- _Exercise brief_: Please transcribe only the lines that run from the line bearing "Pilar de la Horadada - Costa Blanca Sur" to the end of the entries, keeping both end lines. Skip the pictures.

(Captioned web images)
------------------------------
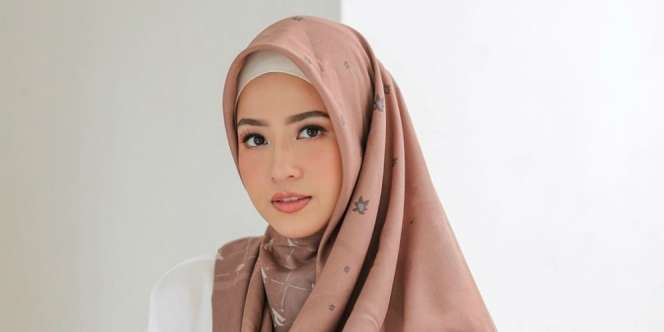 Bak Pengantin Minang, Cantiknya Natasha Rizky Berbalut Baju Adat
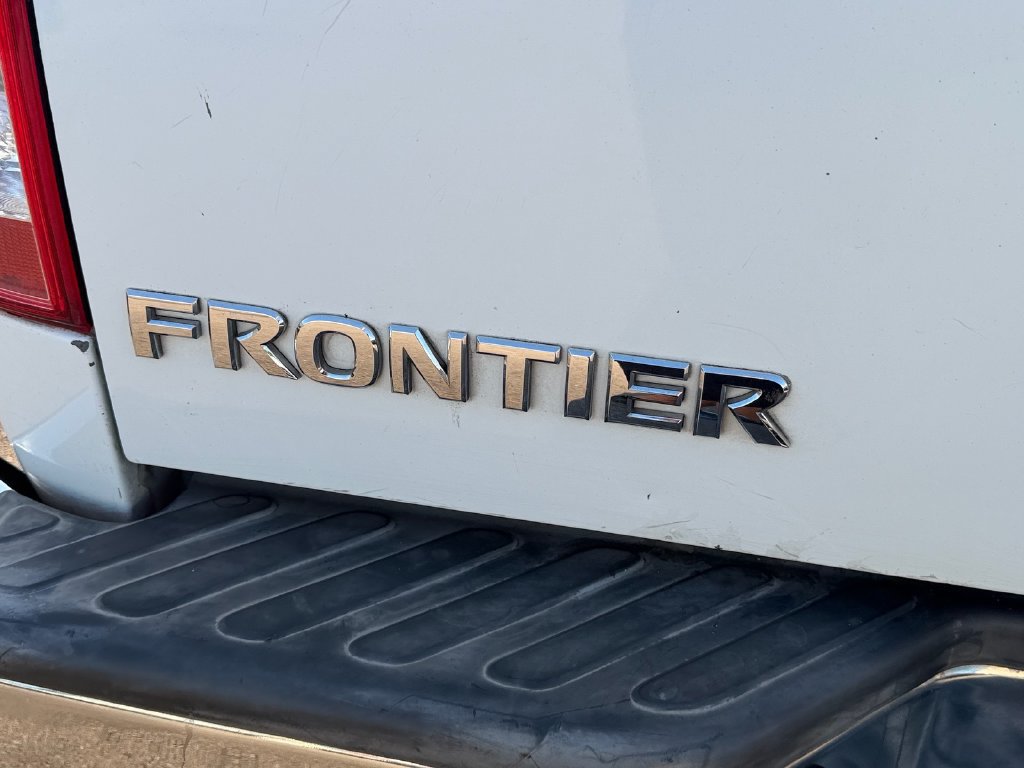 Used 2015 Nissan Frontier SV RWD image 15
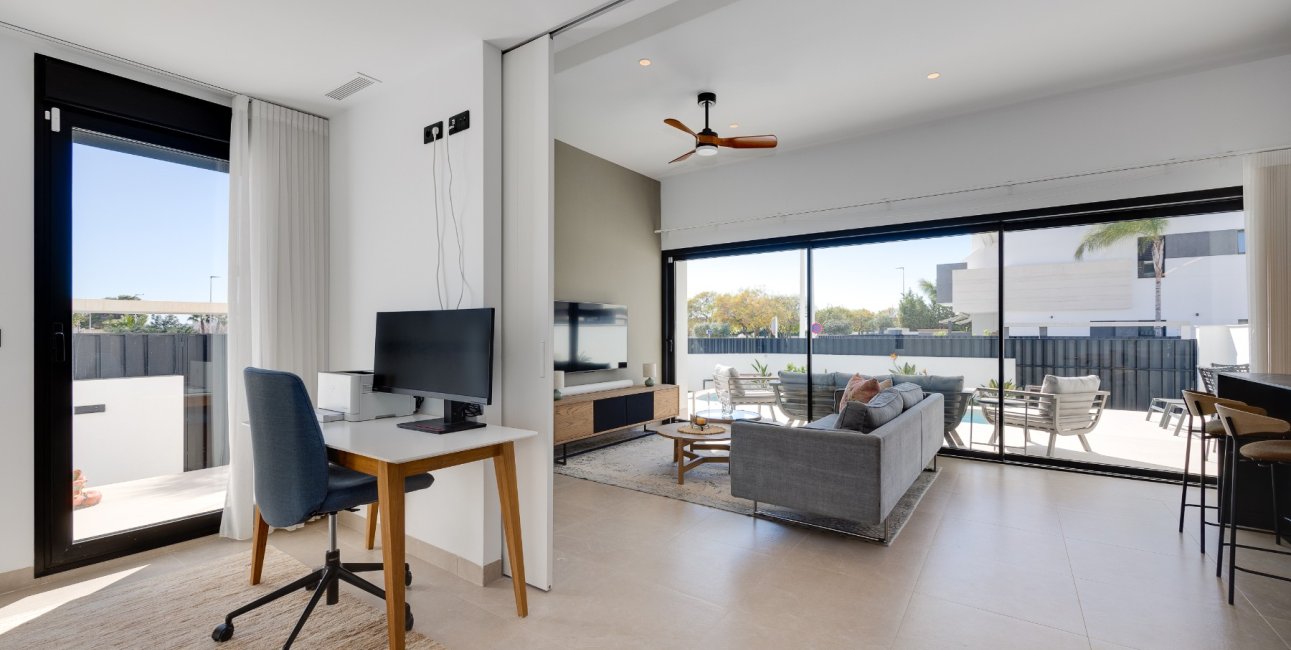 Resale - Bungalow -
Pilar de la Horadada - Costa Blanca Sur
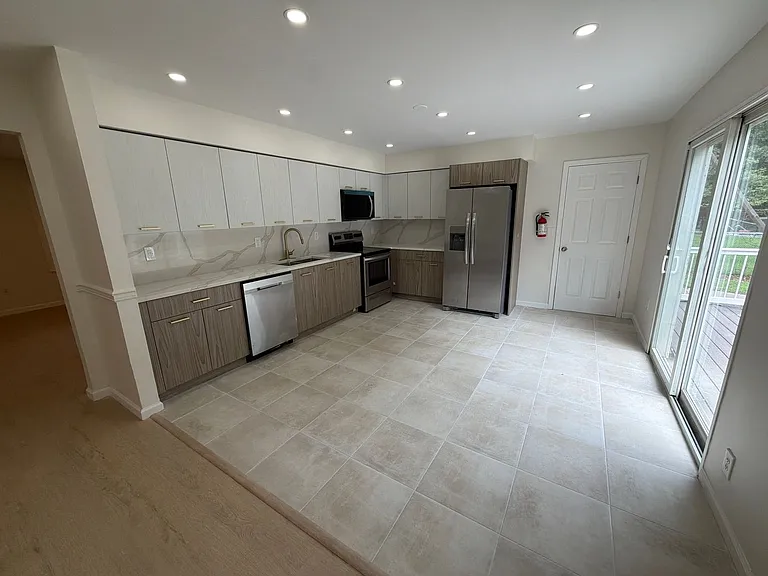 875 Bowman Rd — Photo 18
------------------------------
- _Response below_:
Pilar de la Horadada - Costa Blanca Sur
 875 Bowman Rd — Photo 18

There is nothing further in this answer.